Task statement — Your answer must be the lines from the first record through the line that contains "Gerber Blankets &", copied exactly and without any pictures.

Scraped caption text data —

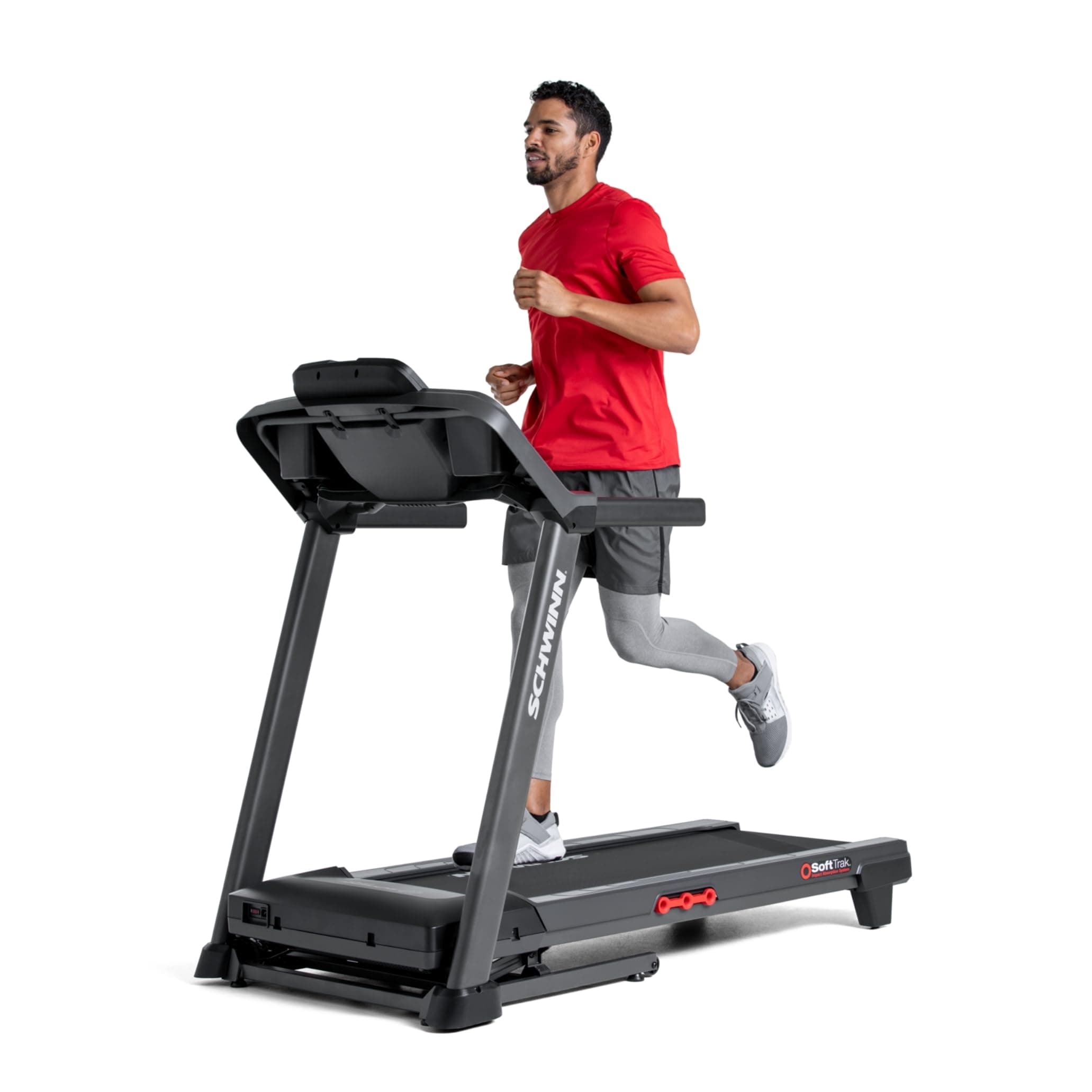 Schwinn Folding Treadmill Series – Quiet Compact Running Machines for Home Fitness with SoftDrop Folding, Cushioned Deck, App Connectivity, Zwift, Kinomap & JRNY Compatibility (510T, SFT3.5, SFT4.1)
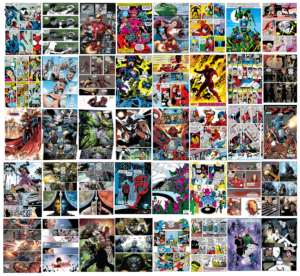 Marvel Comic Poster Wall Collage Drapster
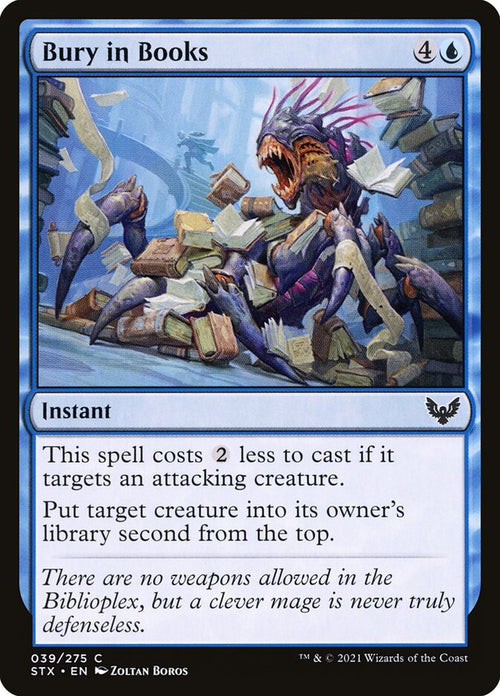 Card Scan of Bury in Books | STX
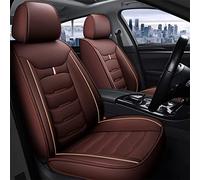 Car Leather Seat Covers for Kia EV6,Full Set Front Rear Back Seat Seat Protectors Airbag Compatible,A-Coffee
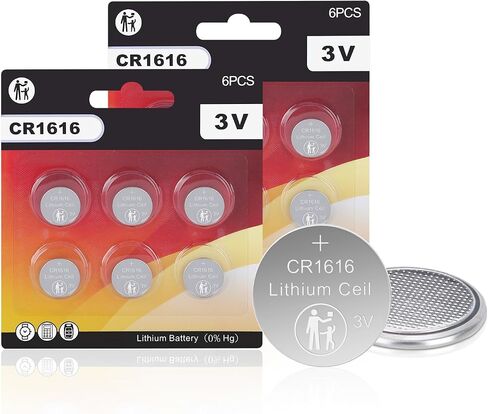 CR1616 Battery 3V Lithium CR 1616 Batteries for Car Remote Control(12 PCS) in Saudi Arabia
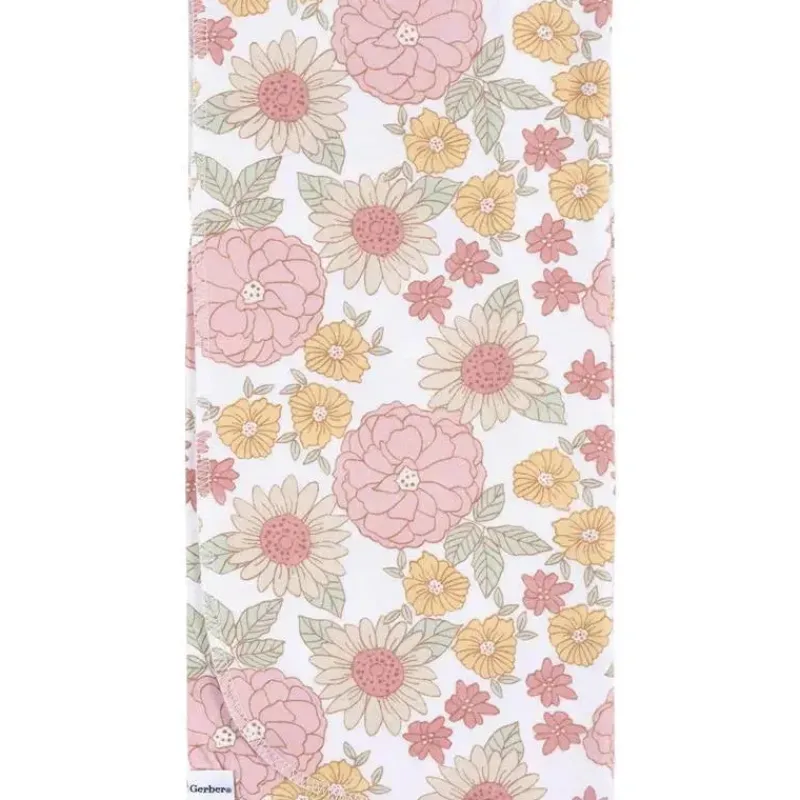 Gerber Blankets & Quilts*Bedding - 4Pk Flannels, Girl Retro Floral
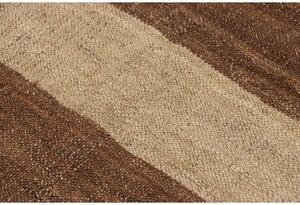 Tappeto Kilim Vintage Patchwork Marrone Scuro Beige 430x517 Cm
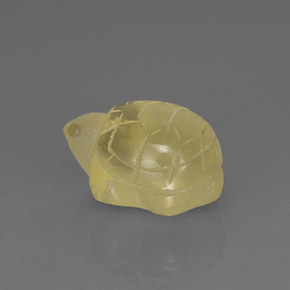 18,11 ctw natürlicher gelber Quarz, Transparent, Transparent / Lichtdurchlässig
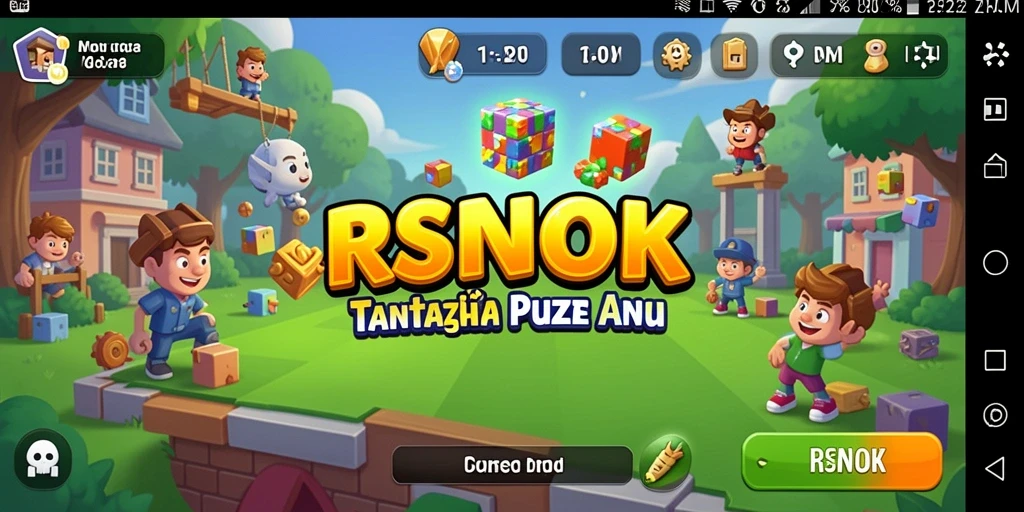Tampilan gameplay RSNOK dengan puzzle seru dan menantang.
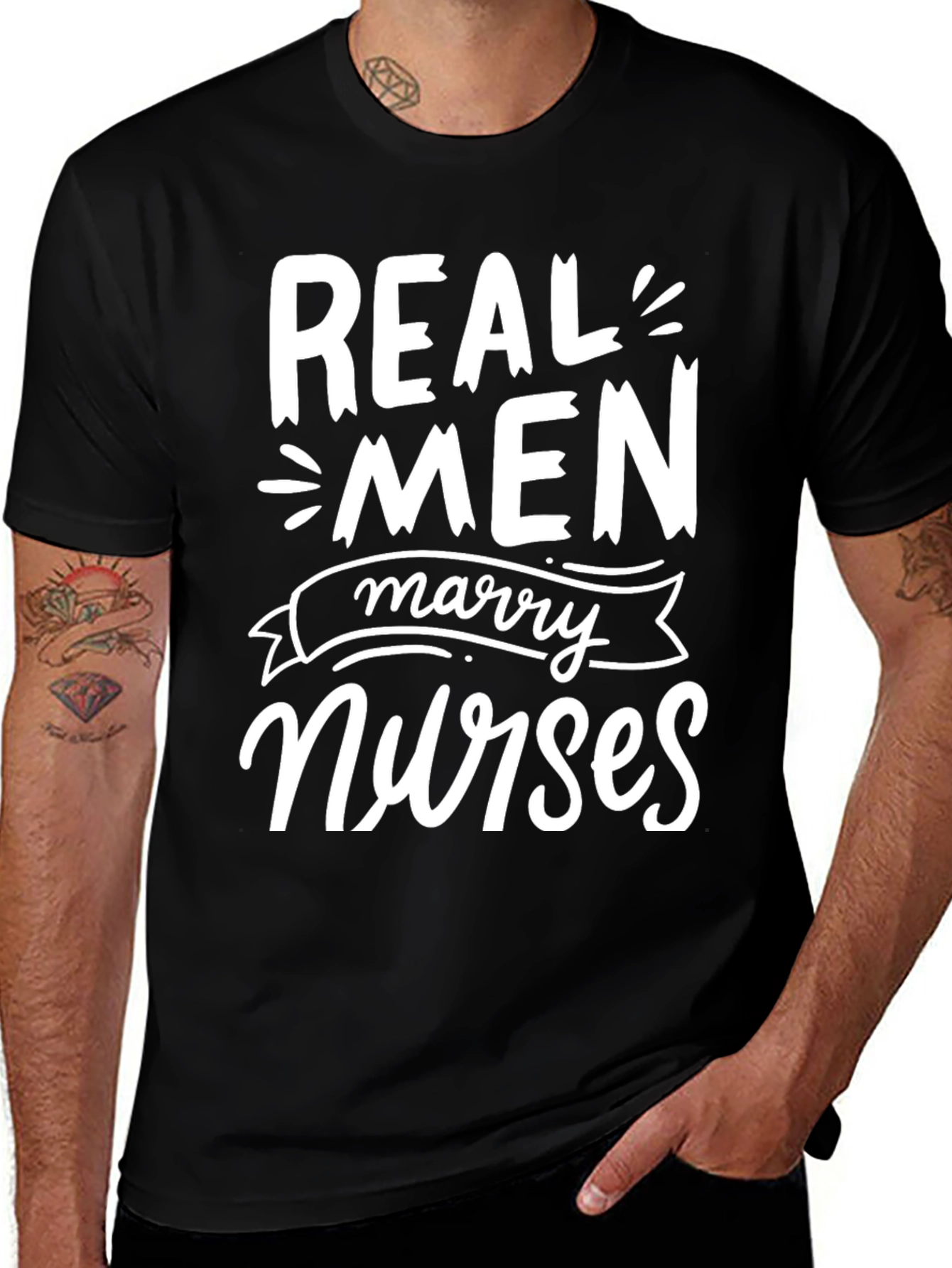 Variant 23 of Real Men Marry Nurses Graphic Tee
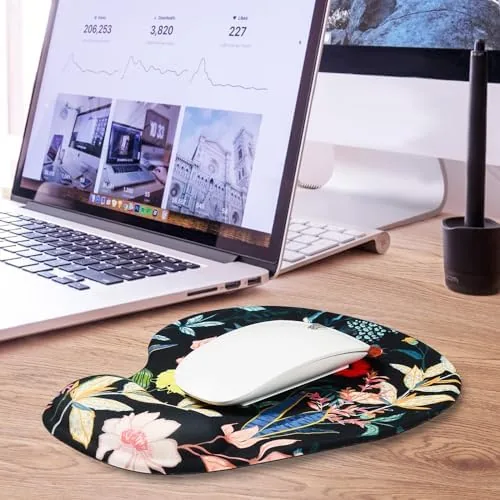 Testing the JIKIOU Ergonomic Mouse Pad with Gel Wrist Rest 2Pack, Portable over two weeks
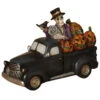 Halloween Pick Up Mit Skelett Leuchtend 24cm -Halloween Kostüme Geschäft leuchtender halloween pick up mit skelett 24cm lighted resin halloween truck with skeleton 54275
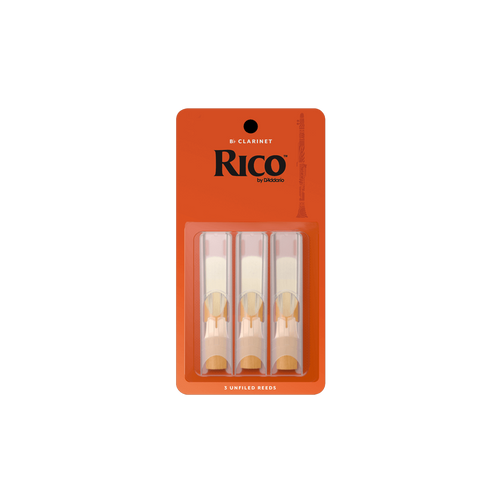 Rico by D'addario Bb Clarient Reeds Strength 2.0 (3-Pack)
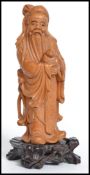 A 19th century Chinese boxwood carving o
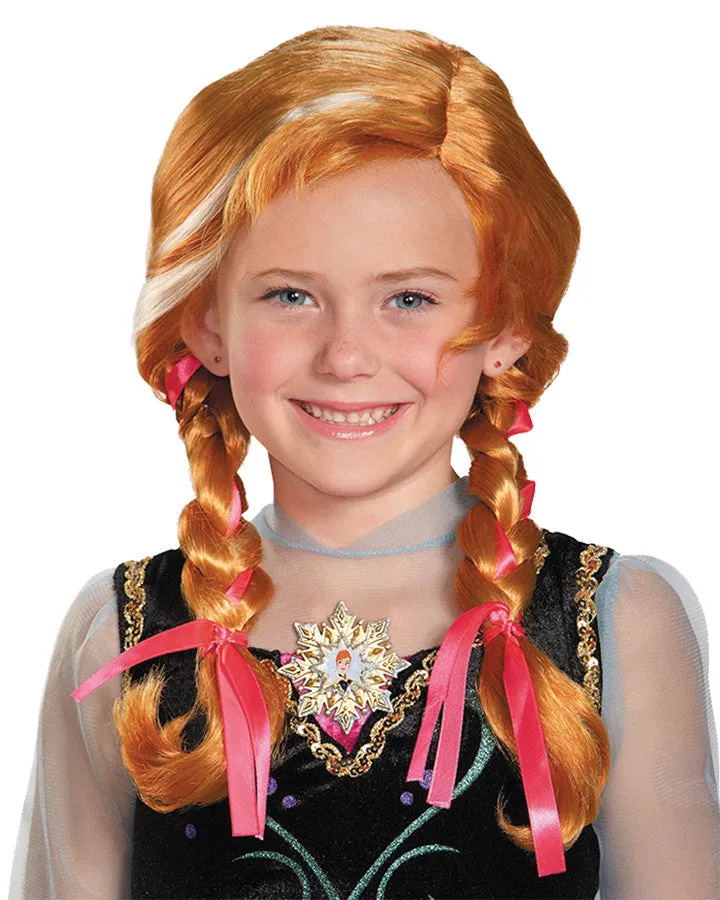 Frozen Anna Child Wig Child Girls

Response for this exercise —
 Schwinn Folding Treadmill Series – Quiet Compact Running Machines for Home Fitness with SoftDrop Folding, Cushioned Deck, App Connectivity, Zwift, Kinomap & JRNY Compatibility (510T, SFT3.5, SFT4.1)
 Marvel Comic Poster Wall Collage Drapster
 Card Scan of Bury in Books | STX
 Car Leather Seat Covers for Kia EV6,Full Set Front Rear Back Seat Seat Protectors Airbag Compatible,A-Coffee
 CR1616 Battery 3V Lithium CR 1616 Batteries for Car Remote Control(12 PCS) in Saudi Arabia
 Gerber Blankets & Quilts*Bedding - 4Pk Flannels, Girl Retro Floral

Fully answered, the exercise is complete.